To further clarify an effect of the present invention, the production method of the present invention was compared with the production method disclosed in the above Patent Document 1 (Conventional Example) in terms of yield amount and yield rate of produced silicon fine particles. A comparative result is shown in Table 1.

	TABLE 1
	Raw			Yield
	materials	Products	Si content	rate
Conventional Example	50 g	2 g	0.1 g (5%)	0.2%
Example	100 g	40 g	16 g (40%)	16%

As shown in Table 1, in Conventional Example, when a total amount of silicon source and carbon source (raw materials) was 50 g, a weight of the composite powder (products) as mentioned above was 2 g, and a weight of the silicon fine particles contained in the composite powder was 0.1 g. That is, yield rate of the silicon fine particles in Conventional Example was 0.2%.

On the other hand, in the production method of the present invention, when total amount of silicon source and carbon source (raw materials) was 100 g, a weight of the composite powder (products) as mentioned above was 40 g, and a weight of the silicon fine particles contained in the composite powder was 16 g.

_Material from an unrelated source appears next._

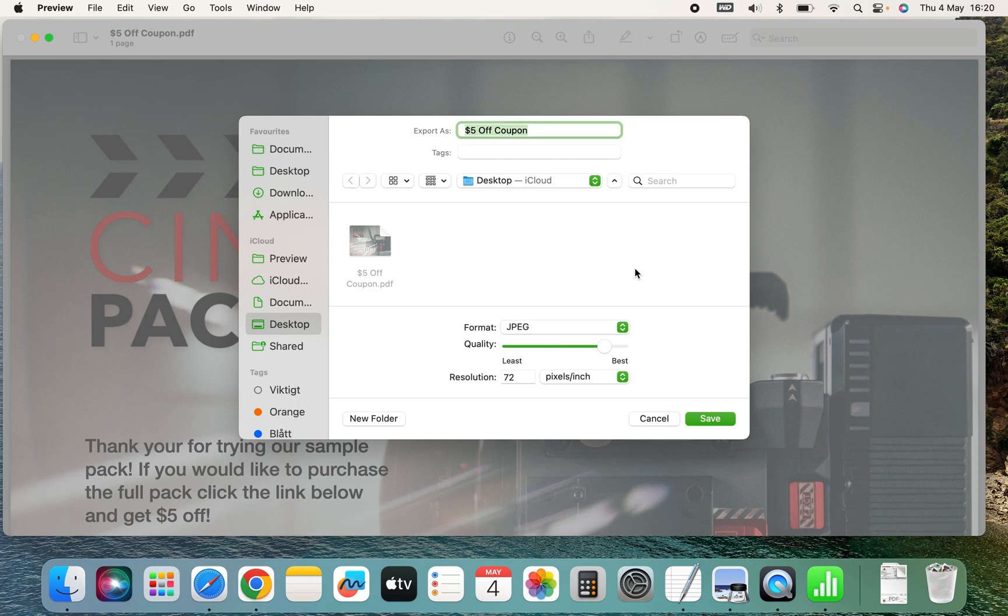And if we want we can also change the quality or resolution. But we're going to leave it at best.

That is, yield rate of the silicon fine particles in Example was 16%.

As evidenced by chart of FIG. 6, a ratio of the silicon fine particles contained in the composite powder generated by the production method of the present invention is larger than a ratio of the silicon fine particles contained in the composite powder generated by the production method of Conventional Example.

As mentioned above, the present invention is explained in detail by exemplifying the above embodiment. However, it is clearly understood by one skilled in the art that the present invention is not limited to the embodiment described in the present specification. The present invention can be implemented as a corrected and modified mode without departing from the gist and the scope of the present invention defined by the claims. Therefore, the description of the specification is intended for explaining the example only and does not impose any limited meaning to the present invention.

All the contents of Japanese Patent Application No. 2011-279733 (filed on Dec. 21, 2011) are incorporated therein by reference.

INDUSTRIAL APPLICABILITY

As has been described above, the method and apparatus for producing silicon fine particles of the present invention is useful because the method and apparatus can improve yield rate of the silicon fine particles.

Claims

1. A method for producing silicon fine particles, comprising:

a step A of heating a precursor obtained by drying a mixture containing a silicon source and a carbon source in an inert atmosphere in a part formed by non-carbon substances by using a heating means,

a step B of rapidly cooling a gas generated by heating the precursor in the inert atmosphere in the part formed by non-carbon substances,

wherein at least one of the silicon source and the carbon source is liquid form.

2. The method for producing silicon fine particles according to claim 1, wherein, in the step A, the precursor is heated in a chamber having an inside wall consisting of non-carbon substances by using heating plasma, a resistance heating apparatus, a laser heating apparatus or arc plasma as the heating means.

3. An apparatus for producing silicon fine particles, comprising:

a heating means configured to heat a precursor obtained by drying a mixture containing a silicon source and a carbon source in an inert atmosphere in a part formed by non-carbon substances,

a rapid cooling means configured to rapidly cool a gas generated by heating the precursor in the inert atmosphere in the part formed by non-carbon substances,

wherein at least one of the silicon source and the carbon source is liquid form.

4. The apparatus for producing silicon fine particles according to claim 3, wherein the heating means is configured to heat the precursor in a chamber having an inside wall consisting of non-carbon substances by using heating plasma, a resistance heating apparatus, a laser heating apparatus or arc plasma.

5. The apparatus for producing silicon fine particles according to claim 4, wherein the rapid cooling means is configured to rapidly cool the gas by releasing the gas outside the heating part where the precursor is heated by the heating means.